Your instructions:
When the listing below reaches the line that has "ЛУЧШЕЕ средство от", start reproducing exactly; stop after the line that has "Dog Goggles Adjustable", and drop the pictures.

Provided data:
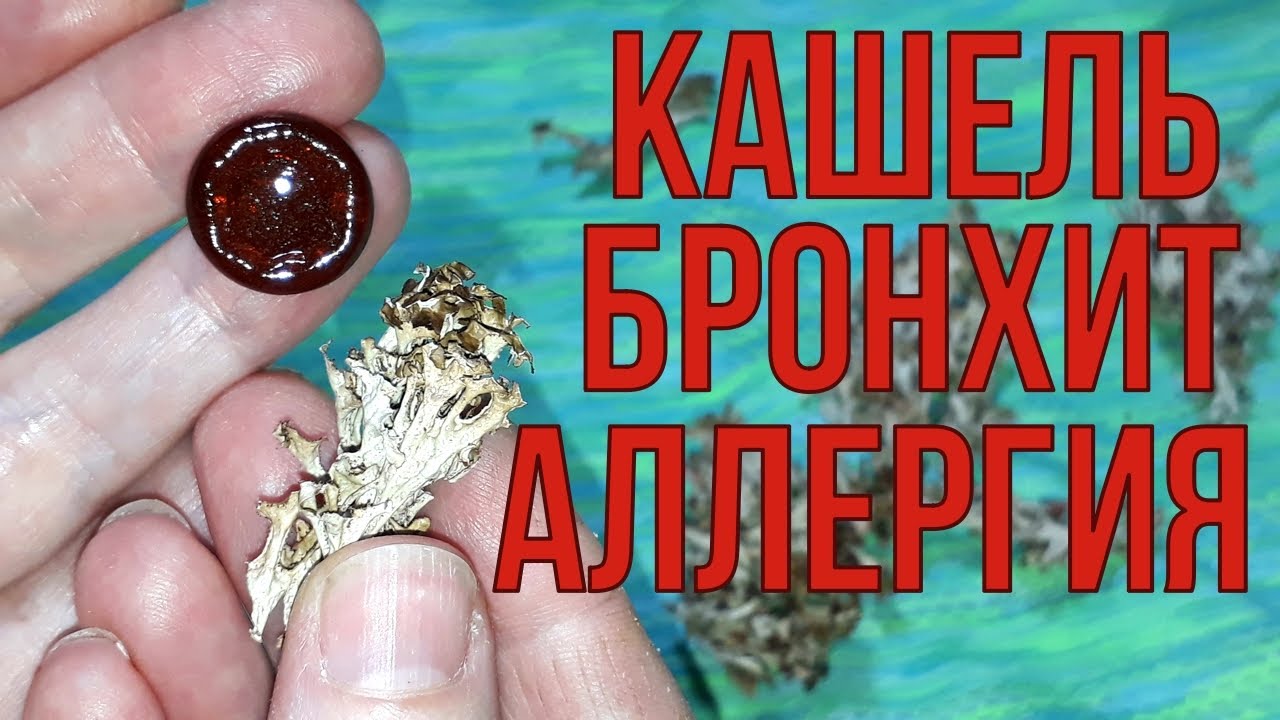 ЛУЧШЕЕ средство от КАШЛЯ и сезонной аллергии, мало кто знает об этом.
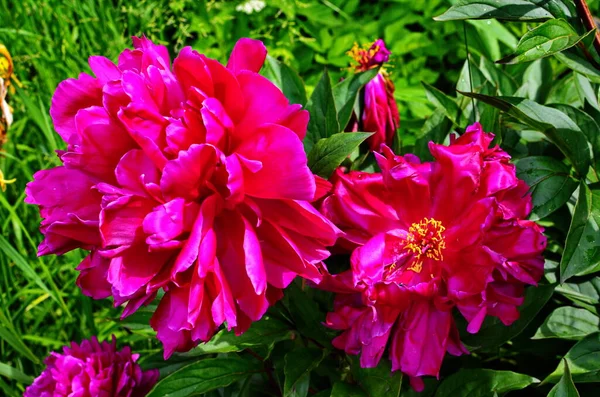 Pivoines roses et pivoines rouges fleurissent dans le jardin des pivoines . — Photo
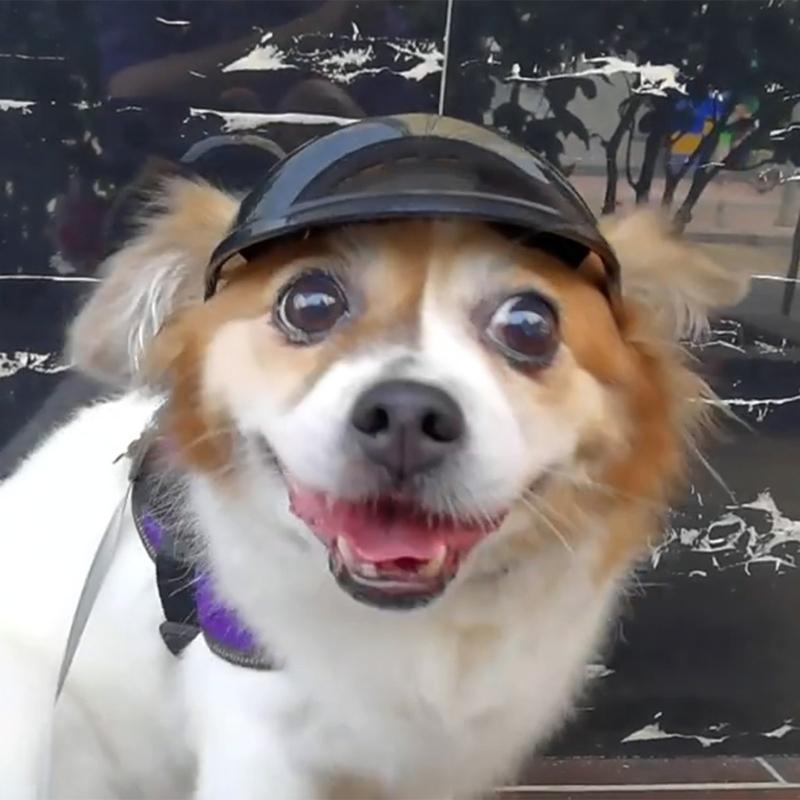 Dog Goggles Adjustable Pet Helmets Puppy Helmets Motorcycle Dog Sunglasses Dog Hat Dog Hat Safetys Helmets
...
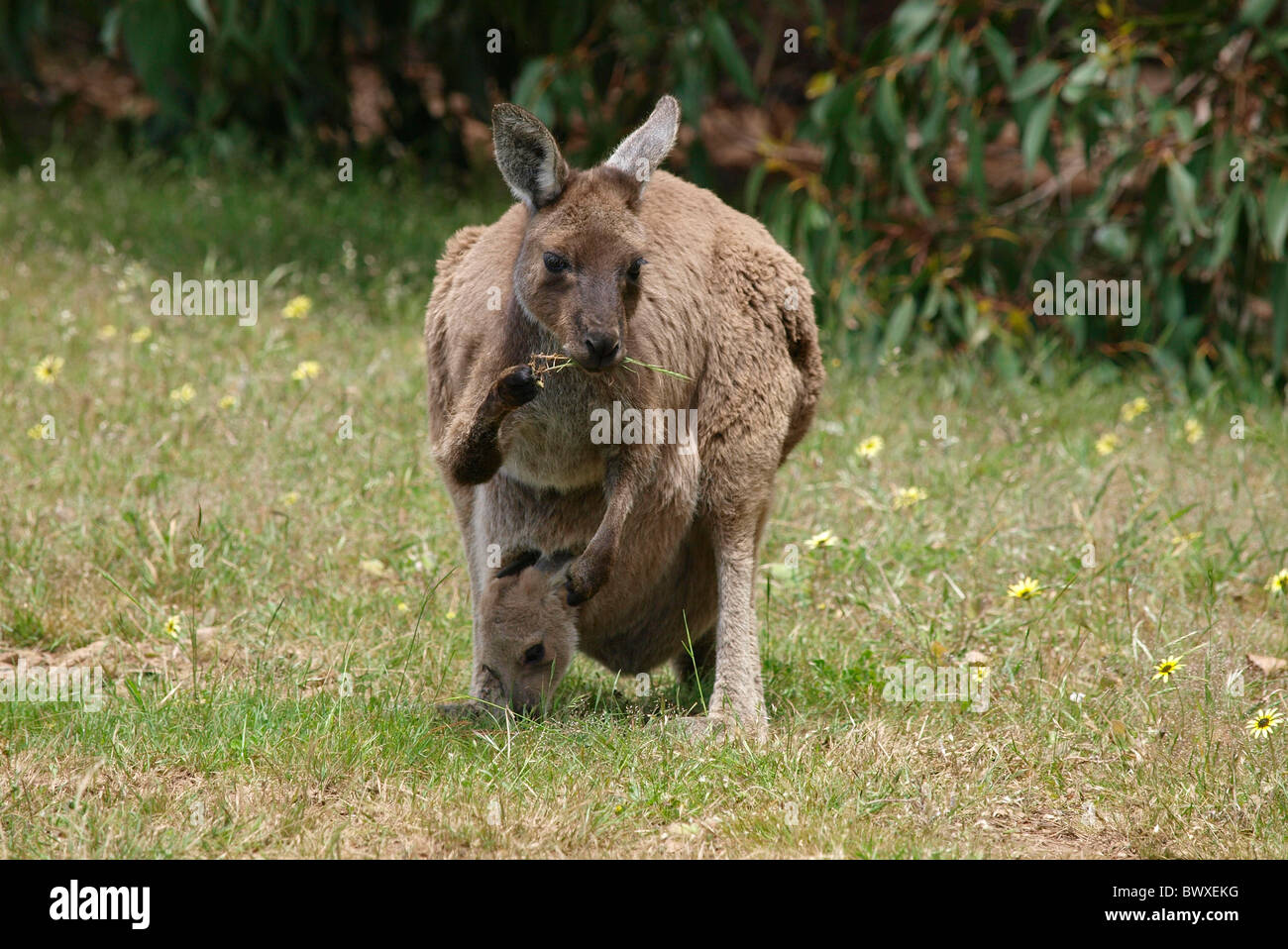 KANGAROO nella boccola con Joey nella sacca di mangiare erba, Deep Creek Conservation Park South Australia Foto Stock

Answer space:
 ЛУЧШЕЕ средство от КАШЛЯ и сезонной аллергии, мало кто знает об этом.
 Pivoines roses et pivoines rouges fleurissent dans le jardin des pivoines . — Photo
 Dog Goggles Adjustable Pet Helmets Puppy Helmets Motorcycle Dog Sunglasses Dog Hat Dog Hat Safetys Helmets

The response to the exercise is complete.